Flex generates the lexer function yylex() from regular expression patterns. Bison generates the parser function yyparse() from grammar rules. The parser calls yylex() whenever it needs the next token. They share token type definitions through the header file y.tab.h generated by Bison. Semantic actions in Bison rules access token values through $1, $2, etc. The complete workflow is: write .y and .l files, run Bison (produces parser), run Flex (produces lexer), compile and link both with a main program.
Q16: Can all programming languages be parsed by context-free grammars?
Not exactly. Most programming languages have context-sensitive features that CFGs cannot express — for example, the requirement that variables be declared before use, or that function calls have the right number of arguments. These are handled by the semantic analysis phase, not the parser. The parser uses a CFG to check syntactic structure, and semantic analysis checks the additional context-dependent constraints. Some languages (like C, where T * x could be a declaration or multiplication depending on whether T is a type) require limited feedback from the symbol table to the parser.
Q17: What is an Abstract Syntax Tree and how does it differ from a parse tree?

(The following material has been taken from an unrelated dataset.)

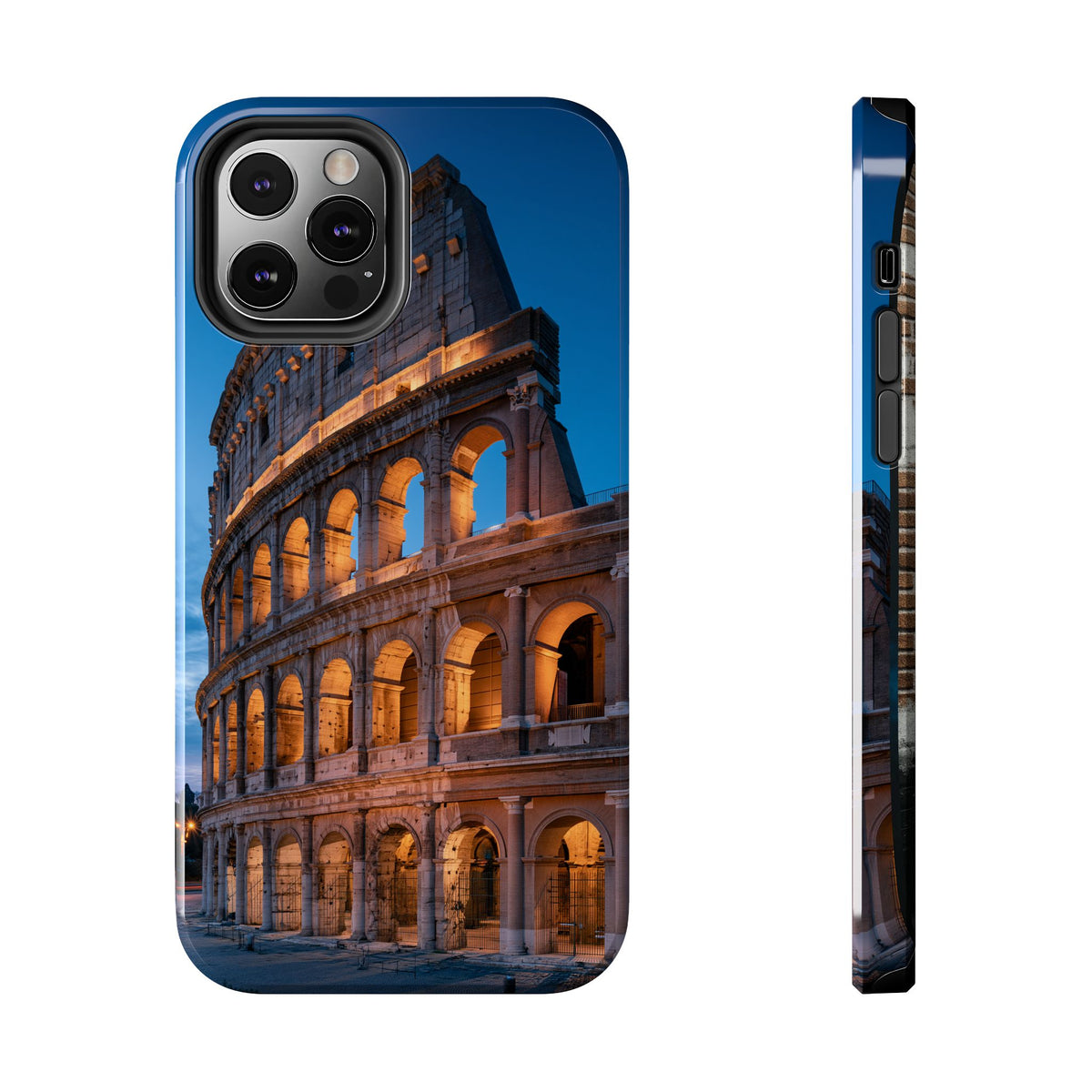 Funda Premium MINUX para iPhone y Samsung Galaxy - Roma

A parse tree includes every grammar symbol — even intermediate nonterminals that exist only for parsing convenience (like expr' from left-recursion elimination). An AST is a simplified tree that retains only the semantically meaningful structure: operators as internal nodes, operands as leaves, and grouping encoded by tree shape. For 3 + 4 * 5, the parse tree has many intermediate nodes for term, factor, etc., while the AST simply has + with children 3 and * (which itself has children 4 and 5). The AST is the standard representation used by subsequent compiler phases.